Gross negligence is “an intentional failure to perform a manifest duty in reckless disregard of the consequences as affecting the life or property of another, and also implies a thoughtless disregard of the consequences without the exertion of any effort to avoid them.” Cooper v. Rodriguez, 118 A.3d 829, 832-33 (2015). “Whether or not gross negligence exists necessarily depends on the facts and circumstances in each case, and is usually a question for the jury and is a question of law only when reasonable people could not differ as to the rational conclusion to be reached.” Id. at 846 (citations and quotations omitted). Here, a reasonable jury could determine that Cpl. Pamer acted with gross negligence through his conduct in investigating the assault, including the alleged false statements about Allen's identification of Hicks in the photo array. Cpl Pamer is therefore not entitled to summary judgment on Hicks' gross negligence claim.

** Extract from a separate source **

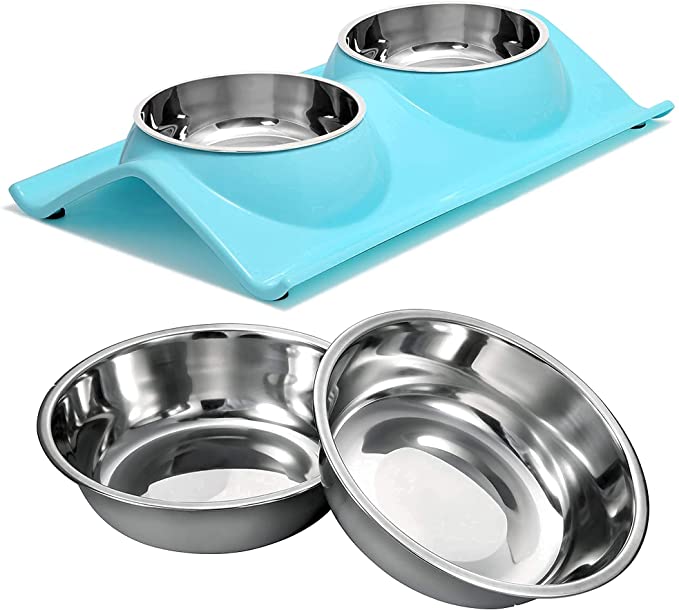 UPSKY Double Dog Cat Bowls with One Set Replacement Stainless Steel Dog Cat Bowl, Pet Feeding Station for Puppy and Cats,12oz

D. Additional Substantive Arguments
In addition to the claim of qualified immunity, Defendants argue that sufficient probable cause existed to defeat the state tort claims as a matter of law. (Mot. Summ. J. Mem. Supp. at 19- 20.) Defendants also argue-without elaboration-that “[i]n the alternative, Cpl. Pamer's mistaken belief was honest and reasonable and the arrest of Ms. Hicks was a valid arrest. Further, there was insufficient evidence of improper motive or malice as a matter of law to support the Malicious Prosecution claim.” (Id. at 20.) However, as discussed above, these are all questions of fact for a jury. The Court therefore declines to grant summary judgment on the state tort claims against Cpl. Pamer.
E. Claims Against Anne Arundel County
Defendants argue that, absent wrongdoing by Cpl. Pamer, the claims against the County fail. (Id. at 15, 20.) However, the Court has not granted summary judgment on any of the claims against Cpl. Pamer. The Court therefore declines to grant summary judgment on the claims against the County.
IV. Conclusion
For the reasons set forth in the foregoing Memorandum, Defendants' Motion for Summary Judgment (ECF No. 72) will be DENIED.